C’est un appui énorme compte tenu de l’incroyable appareil militaire étasunien.
Des machines, des tanks, des avions, des bateaux sont ravitaillés gracieusement
par les Saoud. De plus, lorsque les économies occidentales sont grippées, les
impérialistes peuvent compter sur la dynastie saoudienne pour acheter
d’importantes quantités d’armes aux marchands anglo- saxons. Les pétrodollars
des riches pays du Golfe alimentent ainsi généreusement l’activité du complexe
militaro-industriel qui occupe une place essentielle dans les économies
occidentales. C’est d’autant plus généreux que les armes achetées ne servent
pratiquement pas !
Les
pétrodollars du Golfe ont une autre fonction fort lucrative pour les Etats-Unis
et la Grande-Bretagne : ils sont réinvestis dans les institutions
financières anglo-saxonnes et permettent à Londres et New York de jouer un rôle
majeur dans ce domaine.
Un changement de régime en
Arabie saoudite aurait donc des conséquences importantes sur les Etats-Unis…
Si la
famille royale devait être renversée, une crise très importante éclaterait aux
Etats-Unis. La capacité militaire de ce pays serait très affaiblie sans le
pétrole saoudien. Un changement de régime en Arabie saoudite aurait aussi des
répercussions dans tout le Golfe et pourrait signifier la fin de la vente du
pétrole en dollars.
Jusqu’à
aujourd’hui, les pays producteurs, excepté l’Iran, vendaient leur or noir en
billets verts. Ils se trouvaient ainsi en possession d’importantes quantités de
dollars à réinvestir dans l’économie US. Si demain, ce pétrole est vendu dans
un panier de devises incluant des euros, des yuans ou des yens, la perte sera
énorme pour les Etats-Unis. Cela signera la fin de l’impérialisme US.
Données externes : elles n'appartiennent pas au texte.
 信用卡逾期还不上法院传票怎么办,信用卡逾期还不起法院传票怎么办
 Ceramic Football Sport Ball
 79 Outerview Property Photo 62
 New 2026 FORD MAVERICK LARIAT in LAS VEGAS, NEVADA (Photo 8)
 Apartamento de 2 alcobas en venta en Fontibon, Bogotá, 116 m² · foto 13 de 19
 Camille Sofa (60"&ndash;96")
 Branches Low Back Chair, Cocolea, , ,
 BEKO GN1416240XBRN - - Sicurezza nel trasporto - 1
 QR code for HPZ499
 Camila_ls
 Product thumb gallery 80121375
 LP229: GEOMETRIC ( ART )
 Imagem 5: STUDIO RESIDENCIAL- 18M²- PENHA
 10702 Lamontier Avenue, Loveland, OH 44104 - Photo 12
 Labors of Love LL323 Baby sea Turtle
D’ailleurs, cette idée de panier de devises est à l’étude au sein de l’OPEP,
mais le pays qui s’oppose le plus à ce projet est l’Arabie saoudite. En
définitive, un éveil démocratique en Arabie saoudite et dans le Golfe serait
dangereux aussi bien pour le clan Saoud que pour Washington. Le régime arriéré
des premiers est un pilier essentiel de l’impérialisme US. Et le soutien du
second garantit le maintien au pouvoir de la famille royale. Des
bouleversements dans cet équilibre stratégique auraient des conséquences à
l’échelle mondiale.
* Mohamed Hassan est un spécialiste de la géopolitique et du monde arabe. Né à Addis Abeba (Ethiopie), il a participé aux mouvements d’étudiants dans la cadre de la révolution socialiste de 1974 dans son pays. Il a étudié les sciences politiques en Egypte avant de se spécialiser dans l’administration publique à Bruxelles. Diplomate pour son pays d’origine dans les années 90, il a travaillé à Washington, Pékin et Bruxelles. Co-auteur de L’Irak sous l’occupation (EPO, 2003), il a aussi participé à des ouvrages sur le nationalisme arabe et les mouvements islamiques, et sur le nationalisme flamand. C’est un des meilleurs connaisseurs contemporains du monde arabe et musulman.